PROVIDED ENTRIES:
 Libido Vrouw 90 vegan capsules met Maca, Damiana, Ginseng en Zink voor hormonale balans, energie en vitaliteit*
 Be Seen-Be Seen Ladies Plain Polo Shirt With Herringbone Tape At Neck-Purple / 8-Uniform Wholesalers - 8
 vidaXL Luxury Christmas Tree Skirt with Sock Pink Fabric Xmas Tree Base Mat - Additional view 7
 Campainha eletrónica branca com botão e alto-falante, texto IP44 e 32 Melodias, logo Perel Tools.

==

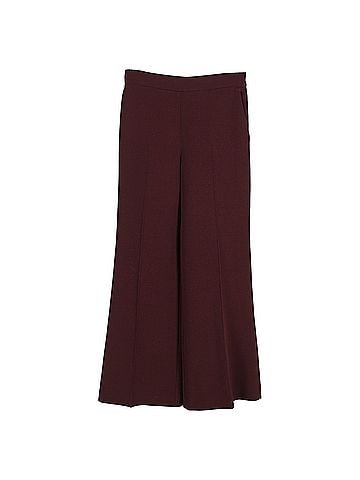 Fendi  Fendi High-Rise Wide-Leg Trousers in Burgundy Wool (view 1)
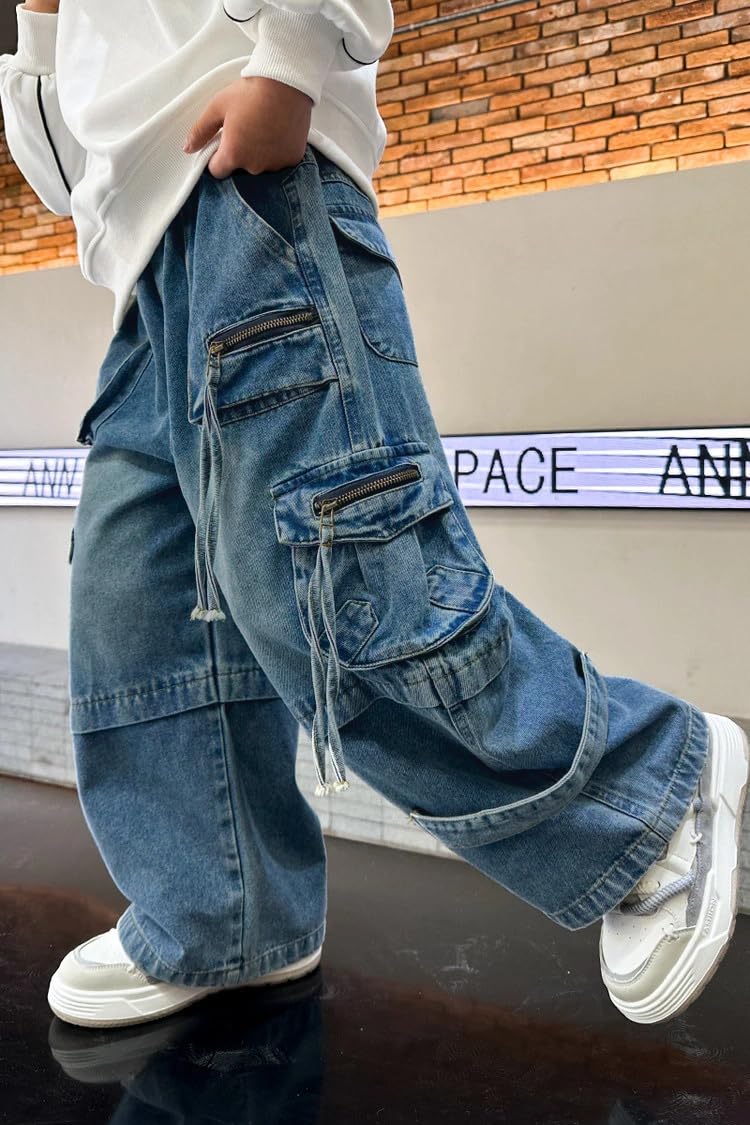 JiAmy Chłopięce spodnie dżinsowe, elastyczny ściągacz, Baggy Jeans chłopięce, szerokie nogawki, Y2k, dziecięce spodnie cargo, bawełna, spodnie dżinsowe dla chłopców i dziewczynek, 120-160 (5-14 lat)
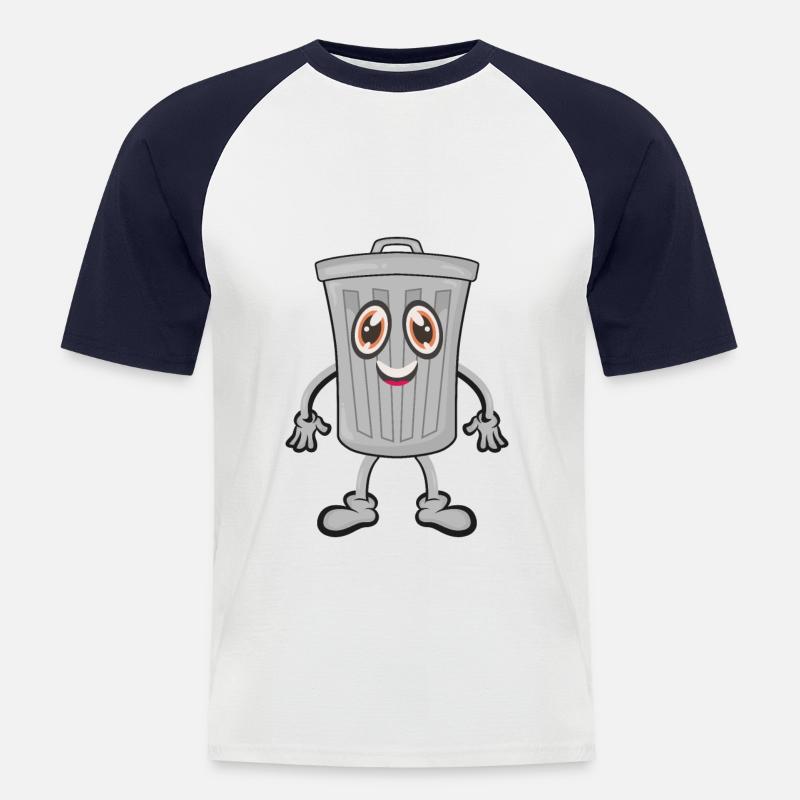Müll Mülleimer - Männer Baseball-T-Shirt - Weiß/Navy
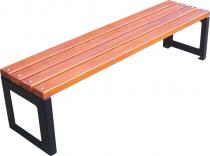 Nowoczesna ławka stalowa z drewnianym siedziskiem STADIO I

ACTIVITY:
Quote the listing above, but only from the line that shows "Libido Vrouw 90" through the line that shows "Campainha eletrónica branca".

ANSWER BOX:
 Libido Vrouw 90 vegan capsules met Maca, Damiana, Ginseng en Zink voor hormonale balans, energie en vitaliteit*
 Be Seen-Be Seen Ladies Plain Polo Shirt With Herringbone Tape At Neck-Purple / 8-Uniform Wholesalers - 8
 vidaXL Luxury Christmas Tree Skirt with Sock Pink Fabric Xmas Tree Base Mat - Additional view 7
 Campainha eletrónica branca com botão e alto-falante, texto IP44 e 32 Melodias, logo Perel Tools.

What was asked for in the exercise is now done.